:: Your instructions ::
After locating the line that contains "Корректор осанки корсет", quote it and all lines after it through the end of the entries, and nothing more. Pictures stay out.

:: Records provided ::
= Beginning of Section =

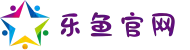 乐鱼(中国)leyu·官方网站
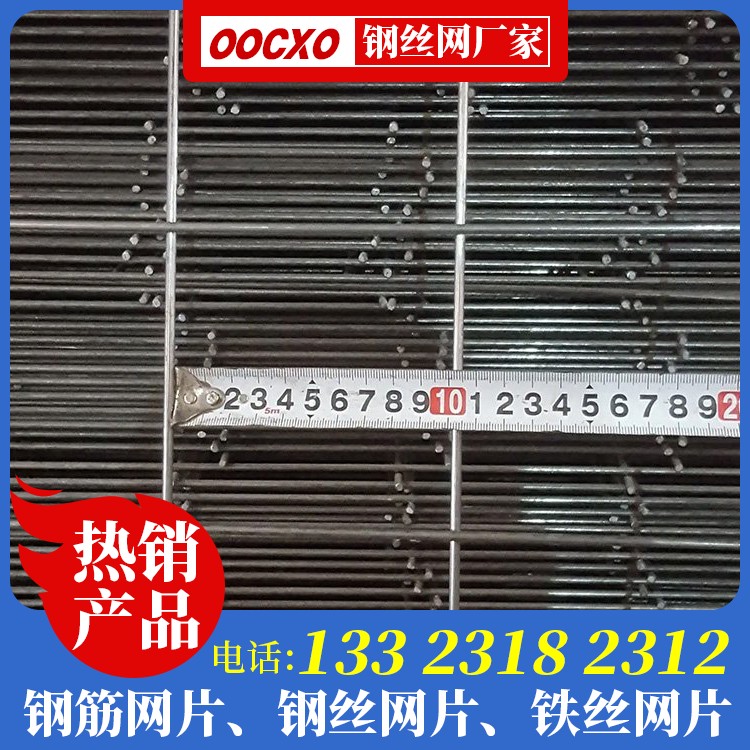 50*50*3钢丝网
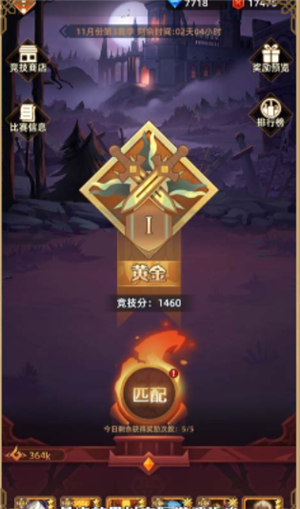 求和之路官方版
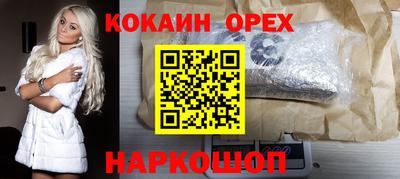 мефедрон VHQ Тара
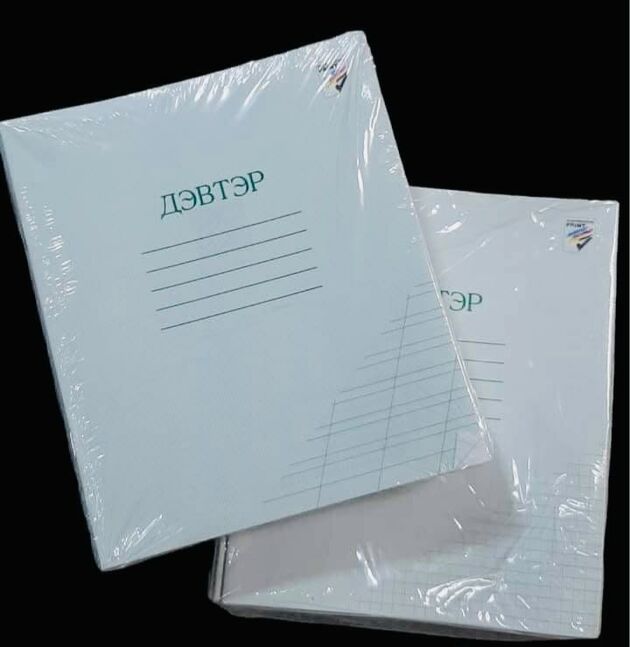 Дэвтэр дөрвөлжин (12 хуудас)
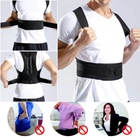 Корректор осанки корсет для спины (ортопедический корректирующий жилет) Back support belt XL - изображение 3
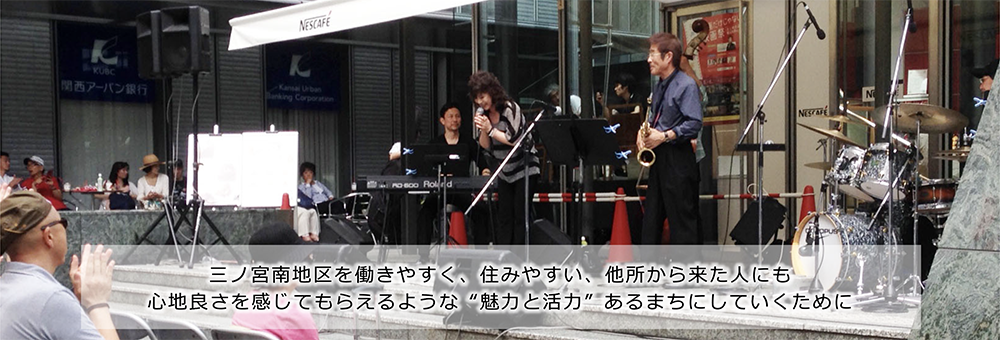 三ノ宮南地区を働きやすく、住みやすい他所から来た人も心地よさを感じてもらえるような“魅力と活力”あるまちにしていくために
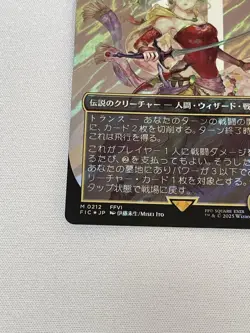 Mtg Ff Girl With Magical Powers Tina Surge Foil Japanese Borderless - Image 4
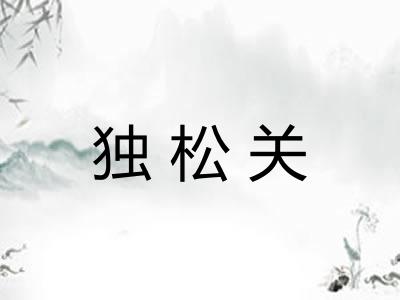 独松关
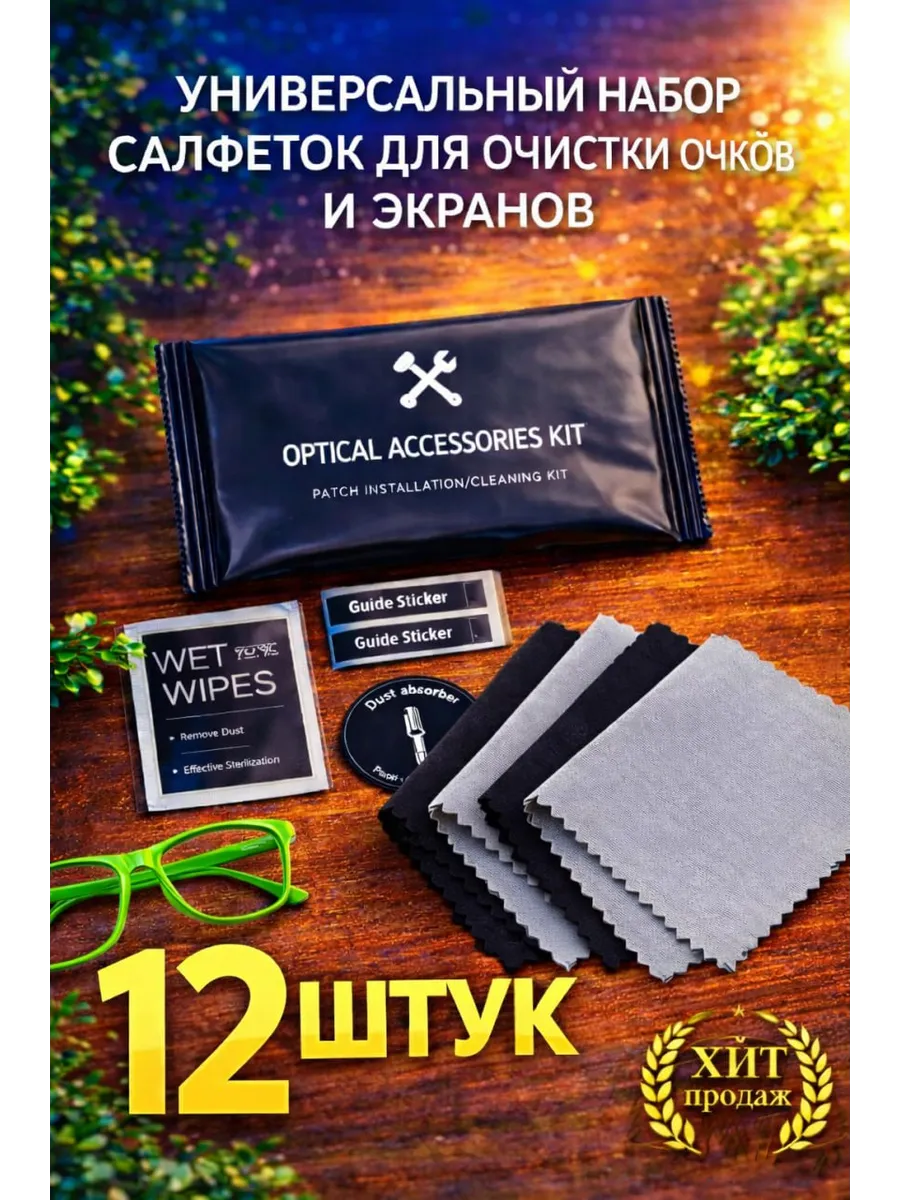 Салфетки для очков экранов из микрофибры набор 12 шт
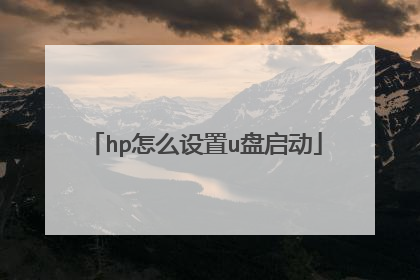 hp怎么设置u盘启动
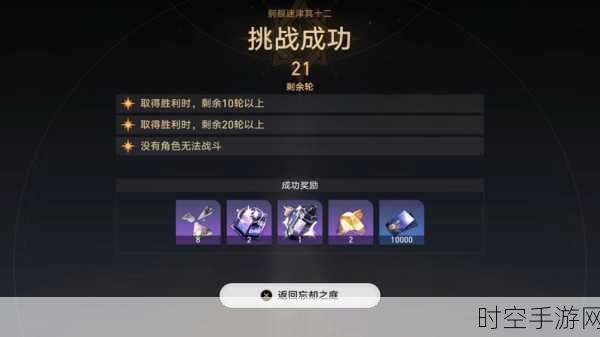 混沌挂机折扣盛宴，魔幻RPG手游新体验等你来探索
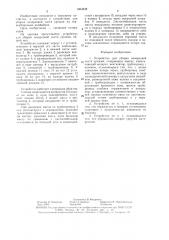 Устройство для уборки незерновой части урожая (патент 1604238)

= End of Section =

:: Answer to this task ::
 Корректор осанки корсет для спины (ортопедический корректирующий жилет) Back support belt XL - изображение 3
 三ノ宮南地区を働きやすく、住みやすい他所から来た人も心地よさを感じてもらえるような“魅力と活力”あるまちにしていくために
 Mtg Ff Girl With Magical Powers Tina Surge Foil Japanese Borderless - Image 4
 独松关
 Салфетки для очков экранов из микрофибры набор 12 шт
 hp怎么设置u盘启动
 混沌挂机折扣盛宴，魔幻RPG手游新体验等你来探索
 Устройство для уборки незерновой части урожая (патент 1604238)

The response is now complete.